Começa comigo caminhando pela Livraria Cultura do Conjunto Nacional, observando os livros e me perguntando se aquele lugar um dia deixaria de existir. Em certo momento, prestando atenção na fresta de uma estante, na lacuna entre dois livros, mal posso acreditar em meus olhos. Lá está o Dr. Estranho!
É o próprio: capa vermelha, uniforme azul e cavanhaque. No entanto, aquele Dr. Estranho era um pouco diferente do Benedict Cumberbatch.
Primeiro que ele não era gringo. Segundo que parecia muito mais jovem, talvez uns 19 anos. Também não tinha a altura ou o físico do famoso ator inglês. Mas aquele devia ser o Dr. Estranho do nosso multiverso, que andava pela livraria junto com um grupo de amigos segurando copos tematizados da Marvel.

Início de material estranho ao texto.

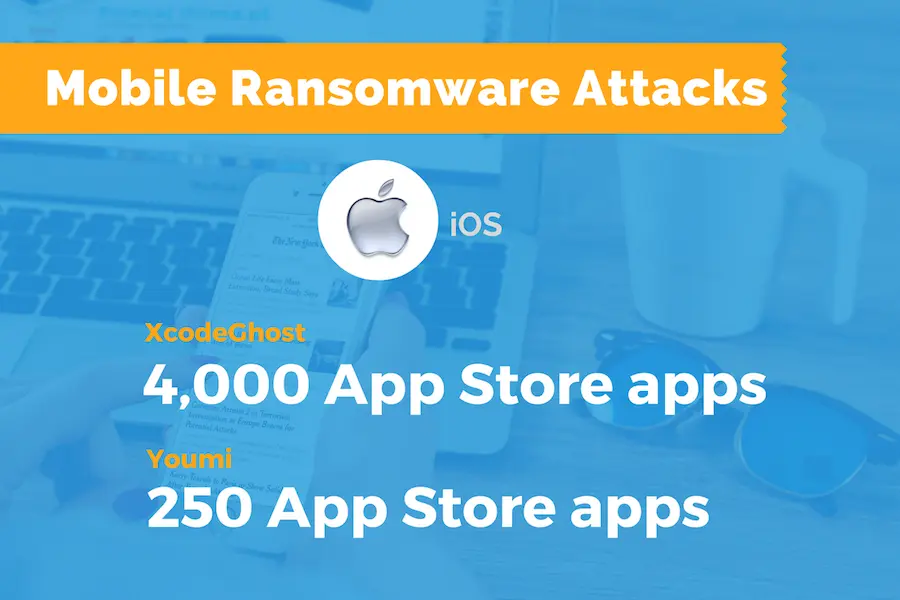 iOS Ransomware attack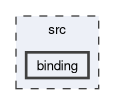 src/binding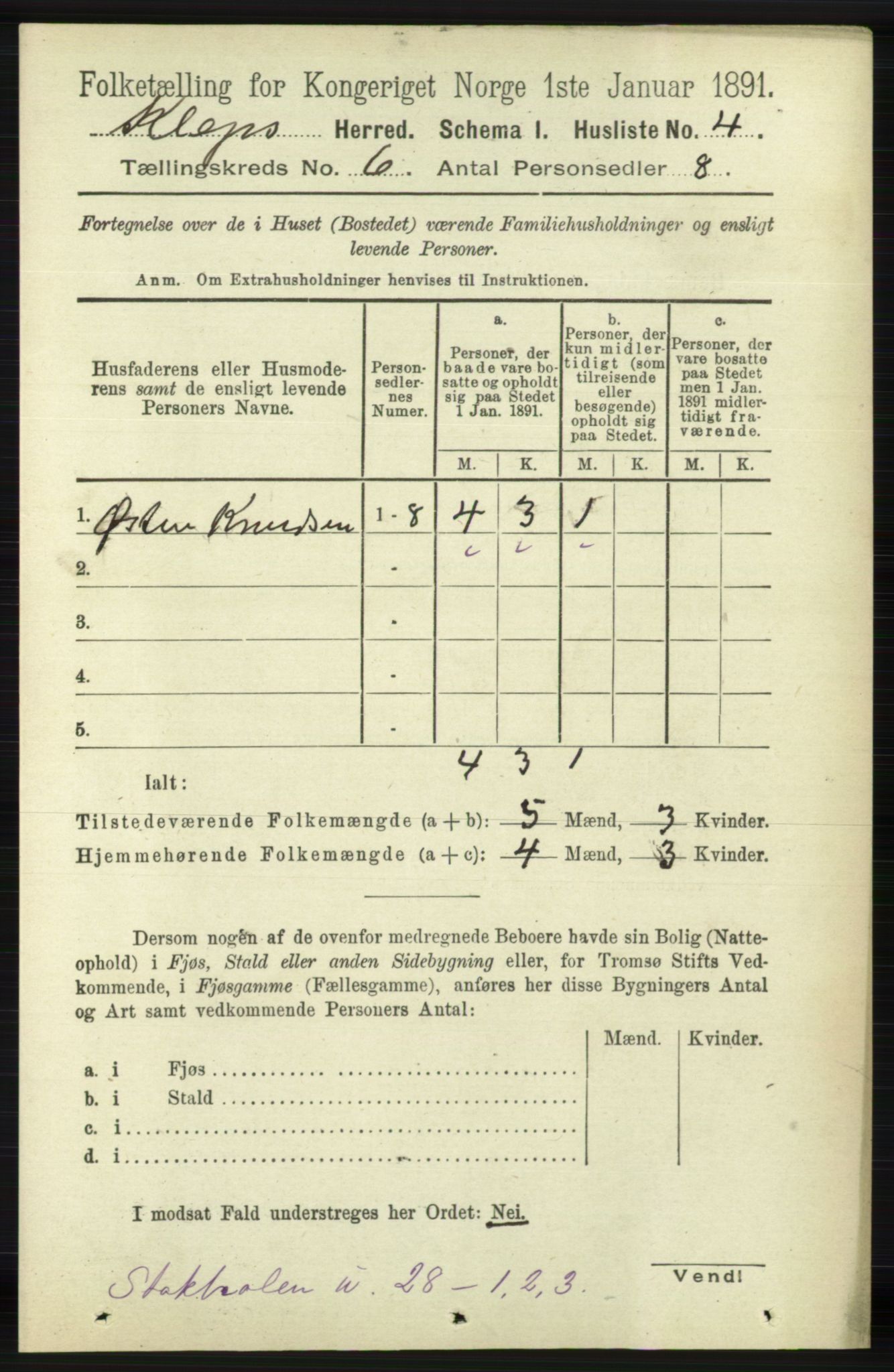 RA, 1891 census for 1120 Klepp, 1891, p. 1663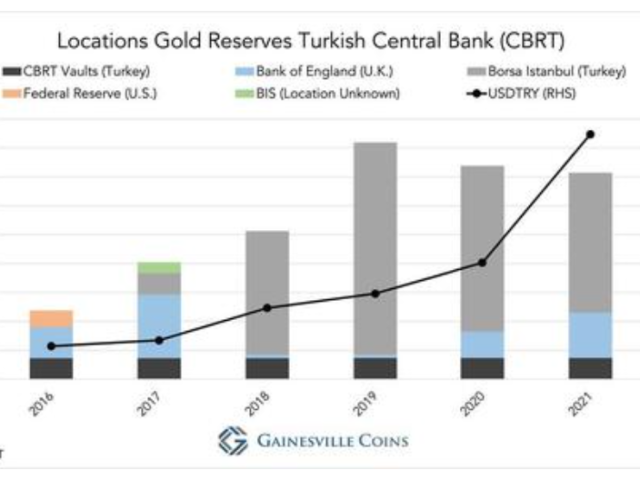 In Desperate Need Of FX, Turkish Central Bank Sends Gold To London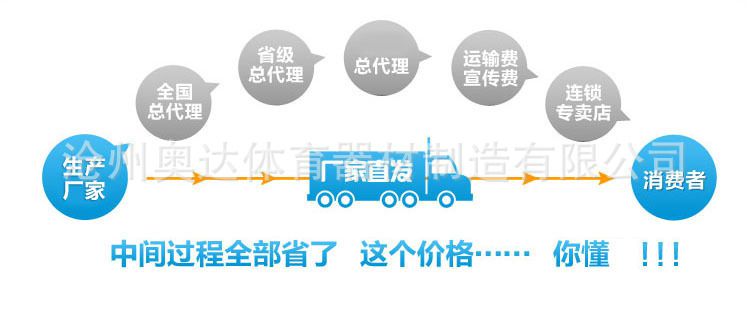 奥达体育户外健身路径小区健身器材双人踏步浪板体育用品(图4) undefined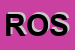 Logo di ROSADA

Aproveitando que eu já estava no Conjunto Nacional, fui até o Cine Marquise e peguei a sessão das 13h do “Dr. Estranho no Multiverso da Loucura”. Fiquei desapontado.

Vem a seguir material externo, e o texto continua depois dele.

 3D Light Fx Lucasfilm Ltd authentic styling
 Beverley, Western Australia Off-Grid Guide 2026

O título dá a entender que a história seria completamente doida, aleatória, mas senti que o filme não explorou seu potencial. Achei que faltou o tal do “multiverso da loucura”. Foi muito comedido, engessado. Eu queria mesmo era ver um nonsense sem limites.
Saí decepcionado do cinema e fui caminhar pela Paulista. Como era domingo, a avenida estava fechada e tomada por uma multidão que eu não via desde o carnaval de 2020. Vi ciclistas, um grupo de patinete, outro de patins, monociclo elétrico, skate, todos acelerando pelas ciclovias.

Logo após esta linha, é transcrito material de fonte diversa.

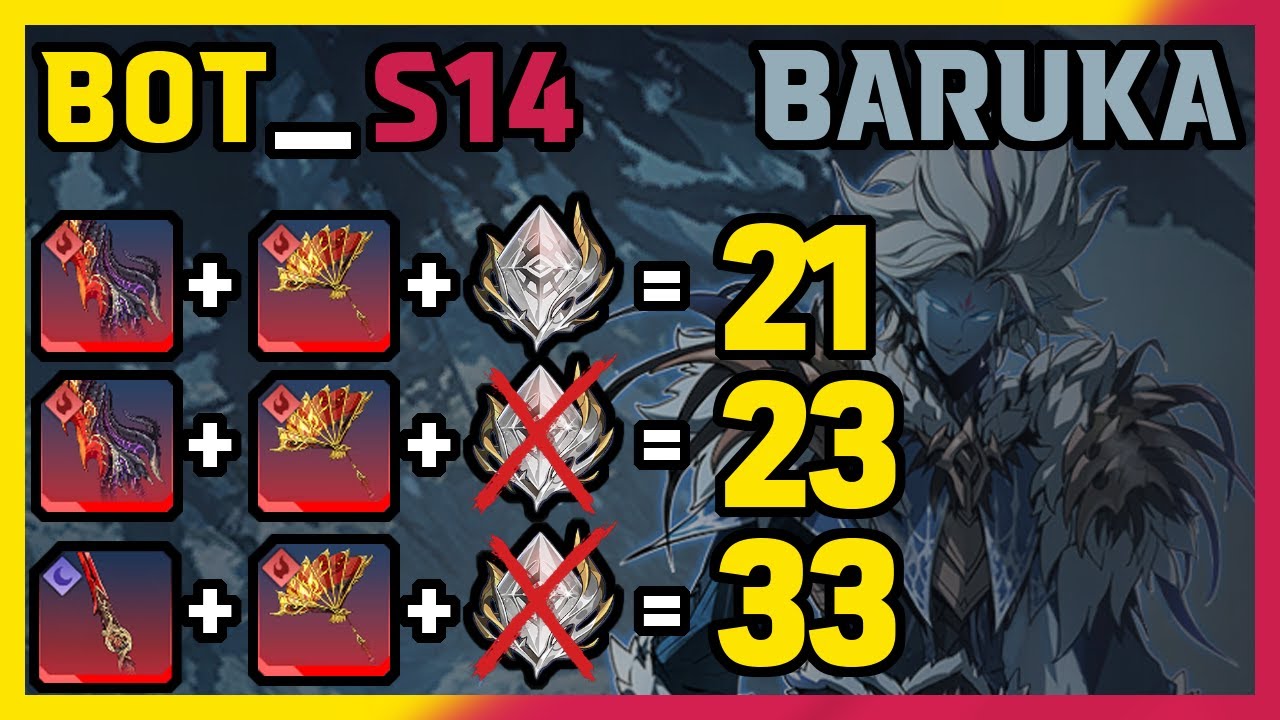 「시간의전장 S14」바루카 빌드 3종「BATTLEFIELD OF TIME」BARUKA 3 BUILD | SoloLevelingArise  나혼자만레벨업어라이즈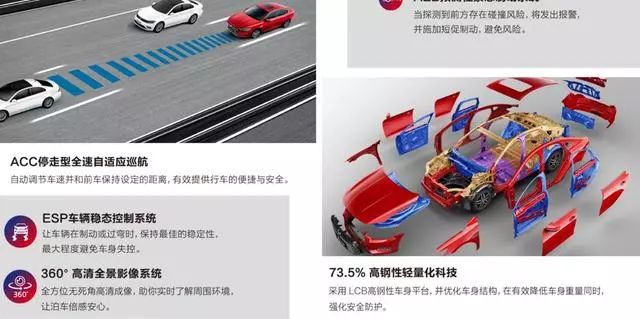 看到起步价不到七万的秦Pro燃油超能版，不禁要担心其他车企了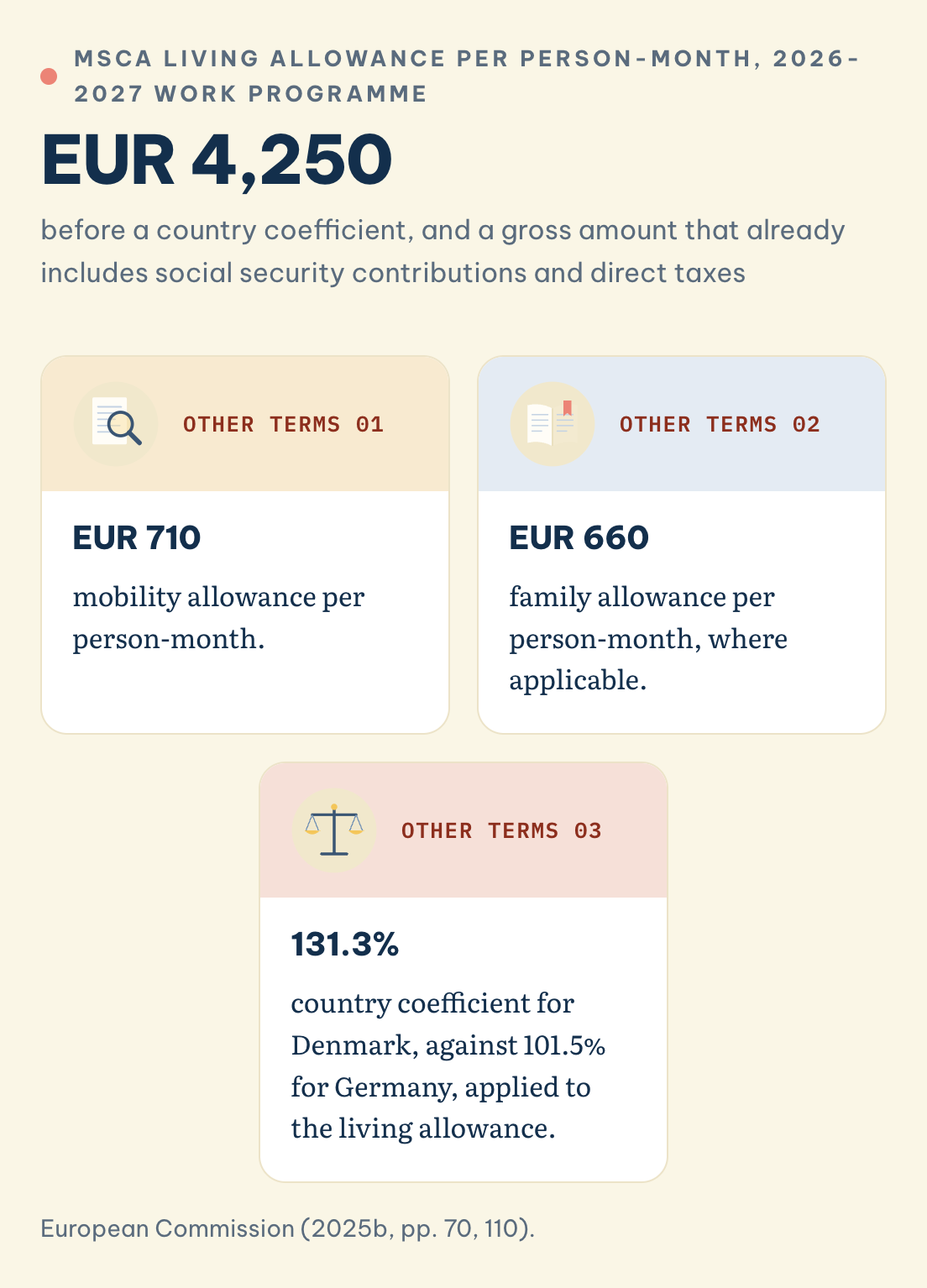 European Commission (2025b, pp. 70, 110). MSCA living allowance per person-month, 2026-2027 work programme: EUR 4,250. Mobility allowance: EUR 710. Family allowance: EUR 660.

A música então era uma mistura de coisas no ar. Você caminha e vê um cara num violão tocando Alceu Valença pelos alto-falantes. Um pouco mais a frente, um sujeito com um violoncelo fazendo um cover de “See You Again” do Wiz Khalifa. De repente, sem o menor aviso, passa um grupo de devotos do Hare Krishna entoando um mantra.
Na calçada do Trianon, barracas de feira vendendo pastéis, guioza, bijuterias, porcelanato, artesanato, estátuas vivas do Jason, um gladiador, uma menina fazendo cosplay de One Piece. Espera, o que é aquilo?
Pessoas param em frente de um cara fazendo hipnose no vão do Masp. “Venha ser hipnotizado!”. Vizinho dele, um artista com uma placa dizendo que faz uma caricatura sua. Só 15 reais o desenho. Sem falar do Michael Jackson, vi uns dois naquele dia.
Famílias, senhoras perdidas, jovens, ateus, cristãos, budistas, funkeiros, tiozões, protestos de esquerda e direita, livros usados para venda, selfies, alguém ainda caçando Pokémon no celular, fila pra comprar sorvete, Slash tocando “Sweet Child O' Mine”, fila pra entrar na Japan House, uma mini rave com música eletrônica perto de uma farmácia, um poeta vendendo seu livro.
Toda a loucura desenfreada que eu queria do filme do Dr. Estranho encontrei ali.
O verdadeiro multiverso da loucura não está no cinema, está muito mais acessível: basta caminhar pela Avenida Paulista de domingo (recomendo em especial aos produtores da Marvel, quem sabe dê inspiração para filmes melhores).